NHS Reforms May Alter Accuracy of Public Health Data

NHSIt seems that it would not be that easy for the controversial Health and Social Care Act to seam through the path ahead as a recent report has claimed that the collection of mental health needs of patients from general practice registrations is not that accurate to make a clear picture of healthcare, which later could prove put to be harmful. It has been told that the new act allows the local councils to take care of public health services including childhood immunisation, HIV and sexual health and mental health.

Even the financial support for all services except emergency care has been assigned to clinical commissioning groups (CCGs), which would be allowed to take care of patients from any region in the UK and for that, they can also outsource services to private healthcare providers. The report which could be read in the British Medical Journal has made it clear that the NHS reforms could actually mar the future of patients.

It is quite obvious that without having the concrete information in hands, there would be lack of accuracy in the date recorded which would further make things a lot difficult for the healthcare services to take care of millions of patients.

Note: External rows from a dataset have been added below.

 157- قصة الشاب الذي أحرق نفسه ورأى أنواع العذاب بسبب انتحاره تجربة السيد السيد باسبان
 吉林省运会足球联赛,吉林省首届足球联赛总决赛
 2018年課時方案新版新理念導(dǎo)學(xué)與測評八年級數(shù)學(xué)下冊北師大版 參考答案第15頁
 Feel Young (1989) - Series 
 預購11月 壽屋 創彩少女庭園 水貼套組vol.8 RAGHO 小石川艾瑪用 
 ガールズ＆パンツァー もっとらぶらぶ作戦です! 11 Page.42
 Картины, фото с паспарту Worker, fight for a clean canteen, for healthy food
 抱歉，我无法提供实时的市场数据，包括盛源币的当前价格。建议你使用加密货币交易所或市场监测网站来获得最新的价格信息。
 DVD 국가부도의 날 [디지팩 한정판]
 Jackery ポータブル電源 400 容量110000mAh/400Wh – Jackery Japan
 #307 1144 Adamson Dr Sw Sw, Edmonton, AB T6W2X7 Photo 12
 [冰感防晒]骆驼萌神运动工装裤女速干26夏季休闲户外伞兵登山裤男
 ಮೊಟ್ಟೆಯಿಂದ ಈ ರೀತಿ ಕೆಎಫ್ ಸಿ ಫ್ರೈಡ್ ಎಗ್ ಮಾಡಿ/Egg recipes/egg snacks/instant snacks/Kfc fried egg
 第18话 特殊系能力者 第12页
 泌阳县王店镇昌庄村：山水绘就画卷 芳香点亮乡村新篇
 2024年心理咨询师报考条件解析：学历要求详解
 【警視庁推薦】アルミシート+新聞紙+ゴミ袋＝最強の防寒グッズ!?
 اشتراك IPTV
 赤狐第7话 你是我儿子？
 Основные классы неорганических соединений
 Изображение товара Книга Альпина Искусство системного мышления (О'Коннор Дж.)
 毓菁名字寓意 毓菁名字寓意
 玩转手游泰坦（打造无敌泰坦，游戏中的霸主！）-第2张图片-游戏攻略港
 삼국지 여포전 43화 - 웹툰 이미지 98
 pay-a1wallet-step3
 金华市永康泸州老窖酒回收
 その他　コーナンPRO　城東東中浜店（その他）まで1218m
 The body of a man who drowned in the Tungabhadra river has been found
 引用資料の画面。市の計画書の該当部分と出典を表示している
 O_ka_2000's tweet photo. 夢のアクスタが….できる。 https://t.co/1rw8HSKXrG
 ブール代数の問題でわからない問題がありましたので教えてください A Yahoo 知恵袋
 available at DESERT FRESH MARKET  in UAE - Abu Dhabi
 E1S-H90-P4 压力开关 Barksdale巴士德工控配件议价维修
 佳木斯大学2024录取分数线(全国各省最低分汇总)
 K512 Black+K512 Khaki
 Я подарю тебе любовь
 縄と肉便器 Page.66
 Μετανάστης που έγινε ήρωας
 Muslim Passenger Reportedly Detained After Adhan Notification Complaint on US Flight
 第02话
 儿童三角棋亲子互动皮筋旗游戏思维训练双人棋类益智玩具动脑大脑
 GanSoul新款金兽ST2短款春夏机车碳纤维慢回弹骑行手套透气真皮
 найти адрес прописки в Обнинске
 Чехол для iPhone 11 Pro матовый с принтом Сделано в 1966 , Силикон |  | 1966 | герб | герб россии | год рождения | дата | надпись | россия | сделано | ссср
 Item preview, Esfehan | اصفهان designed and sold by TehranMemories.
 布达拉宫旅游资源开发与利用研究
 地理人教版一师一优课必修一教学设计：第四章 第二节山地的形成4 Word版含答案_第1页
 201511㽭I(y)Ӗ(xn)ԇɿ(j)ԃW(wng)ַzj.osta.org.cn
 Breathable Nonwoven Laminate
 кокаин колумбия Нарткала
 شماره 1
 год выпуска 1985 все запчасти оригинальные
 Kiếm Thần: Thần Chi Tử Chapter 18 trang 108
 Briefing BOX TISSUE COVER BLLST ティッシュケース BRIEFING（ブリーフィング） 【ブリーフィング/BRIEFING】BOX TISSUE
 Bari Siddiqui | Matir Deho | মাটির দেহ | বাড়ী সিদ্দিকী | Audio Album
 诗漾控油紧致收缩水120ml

"We have a real disaster unfolding”, said Professor Allyson Pollock, of Public Health Research and Policy at Queen Mary, University of London, while claiming that there is need for retaining the area based populations to have a more refined system. “If this happens people will no longer be counted, the health service will no longer be universal and it will be almost impossible to allocate resources fairly”, said Pollock.

In response to the warning given by Allyson Pollock, Health Minister Simon Burns lashed out at him, thereby claiming that he is misleading the general public to hamper the healthcare system.